As an example and to note the difference, assume that you have two DateTime objects constructed as follows:

use DateTime;

sub iso8601_date {
  die unless $_[0] =~ m/^(\d\d\d\d)-(\d\d)-(\d\d)T(\d\d):(\d\d):(\d\d)Z$/;
  return DateTime->new(year => $1, month => $2, day => $3,
    hour => $4, minute => $5, second => $6, time_zone  => 'UTC');
}

my $dt1 = iso8601_date('2014-11-04T23:35:42Z');
my $dt2 = iso8601_date('2014-11-07T01:15:18Z');

Note that $dt1 is quite late on a Tuesday, while $dt2 is very early on the following Friday.

If you want the calendar distance use:

my $days = $dt2->delta_days($dt1)->delta_days();
print "$days\n" # -> 3

Indeed, between, Tuesday and Friday there are 3 days. A calendar distance of 1 means “tomorrow” and a distance of -1 means “yesterday”. The “time” part of the DateTime objects is mostly irrelevant (except perhaps if the two dates fall on different time zones, then you would have to decide what “the calendar distance” between those two dates should mean).
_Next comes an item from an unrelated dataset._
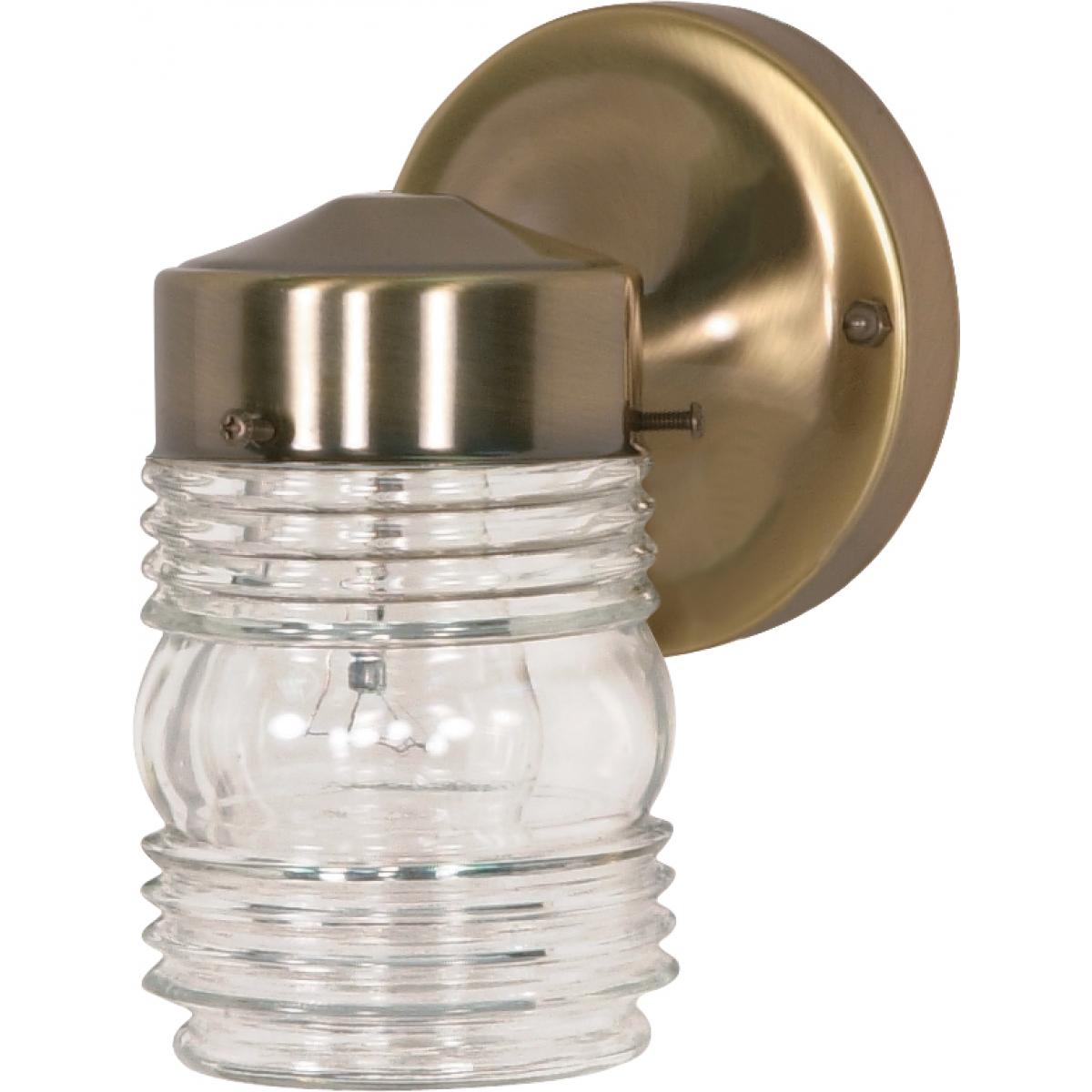 Satco 77-995 1 Light - 6" Wall - Mason Jar with Clear Glass - Antique Brass Finish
If you want the absolute distance then instead use:

my $days = $dt2->subtract_datetime_absolute($dt1)->delta_seconds / (24*60*60);
print "$days\n"; # -> 2.06916666666667

Indeed, if you want to split the time between the two dates in 24-hour chunks, there are only about 2.07 days between them. Depending on your application, you might want to truncate or round this number. The “time” part of the DateTime objects is very relevant, and the expected result is well defined even for dates on different time zones.
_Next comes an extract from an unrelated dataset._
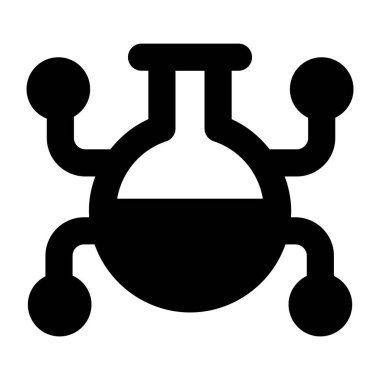 Laboratuvar otomasyonunun modaya uygun katı tasarım simgesi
Date::Calc has Decode_Date_EU (and US etc)

#!/usr/bin/perl
use Date::Calc qw(Delta_Days Decode_Date_EU);

($year1,$month1,$day1) = Decode_Date_EU('02-MAY-09');
($year2,$month2,$day2) = Decode_Date_EU('04-MAY-09');

print "Diff = " . Delta_Days($year1,$month1,$day1, $year2,$month2,$day2);

Convert the two dates to seconds and then do the math:

#!/usr/bin/perl

use strict;
use warnings;
use POSIX qw/mktime/;

{

    my %mon = (
        JAN => 0,
        FEB => 1,
        MAR => 2,
        APR => 3,
        MAY => 4,
        JUN => 5,
        JUL => 6,
        AUG => 7,
        SEP => 8,
        OCT => 9,
        NOV => 10,
        DEC => 11,
    );

    sub date_to_seconds {
        my $date = shift;
        my ($day, $month, $year) = split /-/, $date;

        $month = $mon{$month};
        if ($year < 50) { #or whatever your cutoff is
            $year += 100; #make it 20??
        }

        #return midnight on the day in question in 
        #seconds since the epoch
        return mktime 0, 0, 0, $day, $month, $year;
    }
}

my $d1 = "04-MAY-99";
my $d2 = "04-MAY-00";

my $s1 = date_to_seconds $d1;
my $s2 = date_to_seconds $d2;

my $days = int(($s2 - $s1)/(24*60*60));

print "there are $days days between $d1 and $d2\n";

If you care about accuracy, keep in mind that not all days have 86400 seconds. Any solution based on that assumption will not be correct for some cases.

Here's a snippet I keep around to calculate and display date/time differences a few different ways using the DateTime library. The last answer printed is the one you want, I think.

#!/usr/bin/perl -w

use strict;

use DateTime;
use DateTime::Format::Duration;

# XXX: Create your two dates here
my $d1 = DateTime->new(...);
my $d2 = DateTime->new(...);

my $dur = ($d1 > $d2 ? ($d1->subtract_datetime_absolute($d2)) : 
                       ($d2->subtract_datetime_absolute($d1)));

my $f = DateTime::Format::Duration->new(pattern => 
  '%Y years, %m months, %e days, %H hours, %M minutes, %S seconds');

print $f->format_duration($dur), "\n";

$dur = $d1->delta_md($d2);

my $dy = int($dur->delta_months / 12);
my $dm = $dur->delta_months % 12;
print "$dy years $dm months ", $dur->delta_days, " days\n";
print $dur->delta_months, " months ", $dur->delta_days, " days\n";
print $d1->delta_days($d2)->delta_days, " days\n";

Time::ParseDate will handle that format just fine:

use Time::ParseDate qw(parsedate);

$d1="04-MAR-09";
$d2="06-MAR-09";

printf "%d days difference\n", (parsedate($d2) - parsedate($d1)) / (60 * 60 * 24);